The naturalization process, by contrast, is a separate pathway through which noncitizens can apply for citizenship after meeting criteria such as residency, language proficiency, and knowledge of US history and government.
In recent decades, opposition to birthright citizenship has grown, particularly among conservative political groups. Critics claim that the phrase “subject to the jurisdiction thereof” in the Fourteenth Amendment has been misinterpreted and that it was never meant to apply to children born to undocumented immigrants or temporary residents. Some also argue that the policy encourages "birth tourism," where foreign nationals travel to the US to give birth, thereby securing citizenship for their child.
In response to such concerns, the US State Department in 2020 revised regulations related to tourist visas in an effort to curb birth tourism. That year, the Center for Immigration Studies estimated that approximately 33,000 births annually were tied to women traveling to the US on tourist visas specifically to give birth.
Public opinion on the issue remains divided. According to a January 2025 poll conducted by the Associated Press-NORC Center for Public Affairs Research, 51% of Americans said they “somewhat or strongly oppose” changing the Constitution to end automatic citizenship for children of undocumented immigrants. Meanwhile, 28% expressed support for such a change.
On a global scale, the United States is one of just thirty-eight countries that still uphold jus soli citizenship. Most of these nations are in the Americas, including Canada, Brazil, and Mexico. By contrast, many countries in Europe, Asia, and Africa primarily use jus sanguinis as the foundation for determining citizenship. For example, Ireland allows individuals to claim citizenship through direct descent even if their parents were not born in the country.
Despite Trump’s executive actions, it is important to note that the president does not have the authority to unilaterally revoke birthright citizenship.

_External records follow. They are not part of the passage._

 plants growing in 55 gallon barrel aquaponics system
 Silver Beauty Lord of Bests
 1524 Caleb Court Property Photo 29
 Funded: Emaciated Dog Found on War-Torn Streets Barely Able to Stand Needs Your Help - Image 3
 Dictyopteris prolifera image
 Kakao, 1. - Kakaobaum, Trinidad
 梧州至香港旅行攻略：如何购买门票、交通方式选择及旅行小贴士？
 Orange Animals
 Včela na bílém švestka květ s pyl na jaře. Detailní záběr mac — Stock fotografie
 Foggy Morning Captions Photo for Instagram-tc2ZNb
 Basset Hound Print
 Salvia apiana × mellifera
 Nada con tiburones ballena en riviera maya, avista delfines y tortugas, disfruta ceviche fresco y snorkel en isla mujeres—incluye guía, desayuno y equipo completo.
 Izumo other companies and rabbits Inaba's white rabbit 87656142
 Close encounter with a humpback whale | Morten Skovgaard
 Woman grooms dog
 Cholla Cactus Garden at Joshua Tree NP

Repealing or amending a constitutional provision like the Fourteenth Amendment would require a formal constitutional amendment process. This involves the approval of two-thirds of both the House and the Senate, followed by ratification from at least thirty-eight of the fifty US states — a daunting and historically rare process. The most recent amendment to the Constitution, the Twenty-Seventh, was ratified in 1992, more than two centuries after it was initially proposed.
While Trump’s challenge to birthright citizenship has elevated the debate to the nation’s highest court, changing the legal foundation of US citizenship would require a sweeping political and constitutional shift. The outcome of the pending Supreme Court case could redefine the rights of millions, but any permanent change would need far broader political consensus.